- _Work to complete_
Your output should be everything below from the line containing "Begonia_tuberhydrida_Nonstop_F1_mix_3" down to the line containing "Territorial Digital Magazine", both ends included, copied exactly, with pictures left out.

- _Source records_
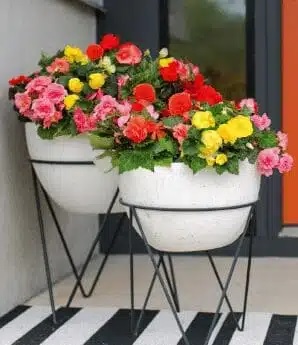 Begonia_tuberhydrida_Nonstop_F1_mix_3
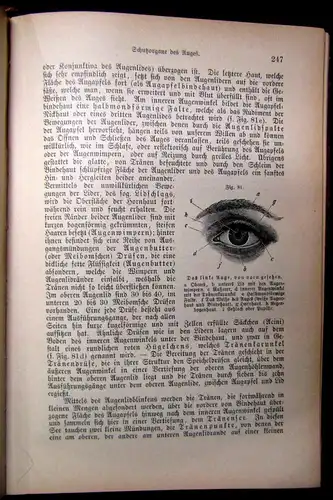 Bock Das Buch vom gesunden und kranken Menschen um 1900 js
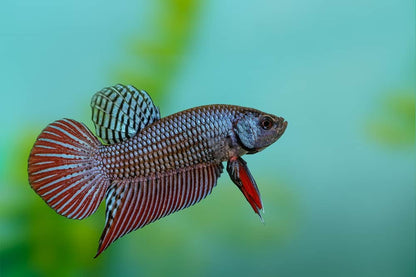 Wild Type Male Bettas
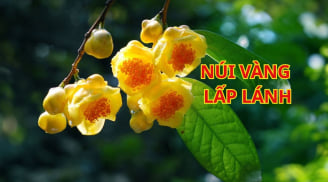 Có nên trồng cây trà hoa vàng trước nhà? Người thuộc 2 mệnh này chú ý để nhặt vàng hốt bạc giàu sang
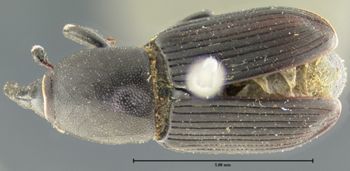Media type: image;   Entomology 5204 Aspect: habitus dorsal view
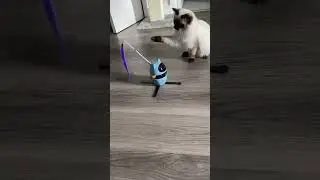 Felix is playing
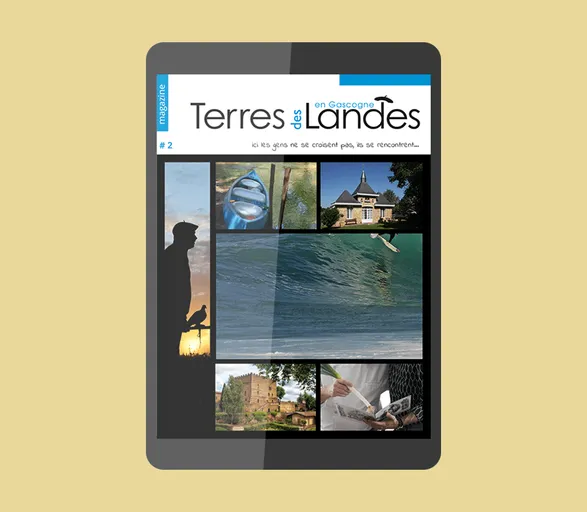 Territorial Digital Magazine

--

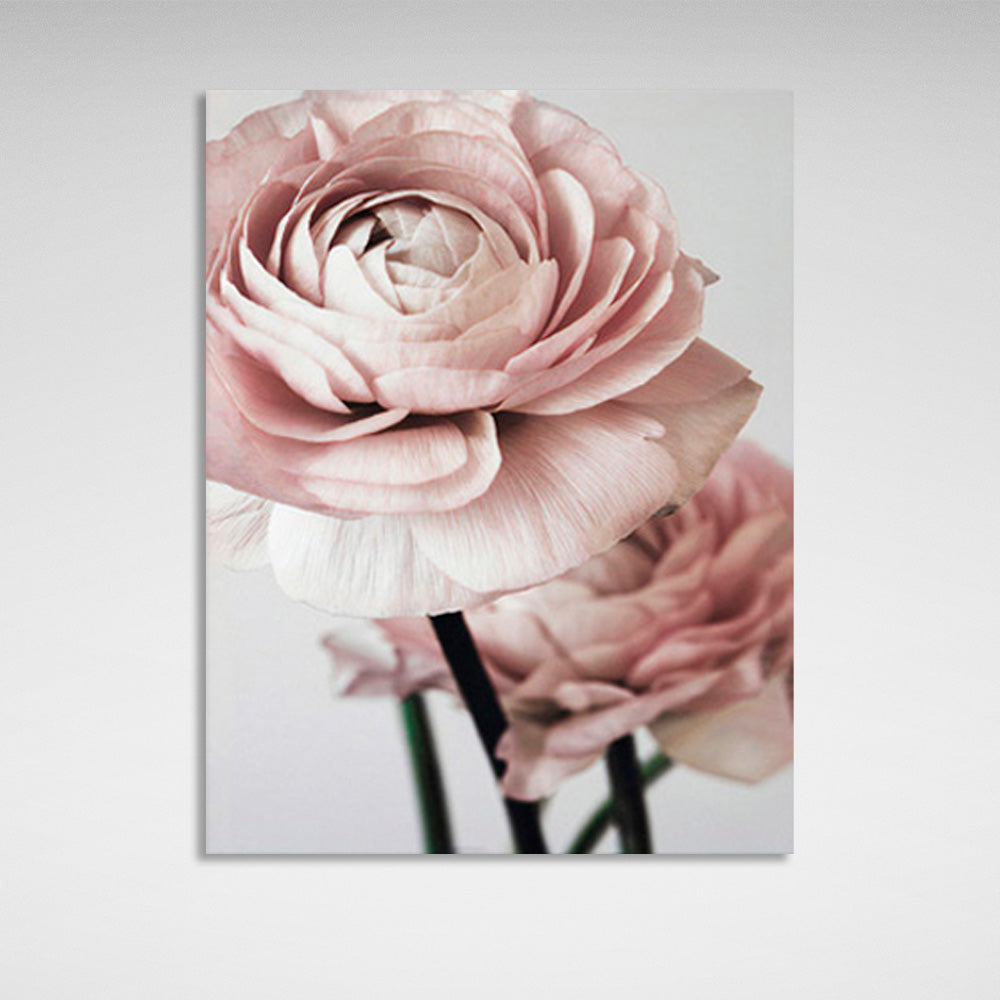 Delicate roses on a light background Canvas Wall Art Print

- _Written solution_
 Begonia_tuberhydrida_Nonstop_F1_mix_3
 Bock Das Buch vom gesunden und kranken Menschen um 1900 js
 Wild Type Male Bettas
 Có nên trồng cây trà hoa vàng trước nhà? Người thuộc 2 mệnh này chú ý để nhặt vàng hốt bạc giàu sang
Media type: image;   Entomology 5204 Aspect: habitus dorsal view
 Felix is playing
 Territorial Digital Magazine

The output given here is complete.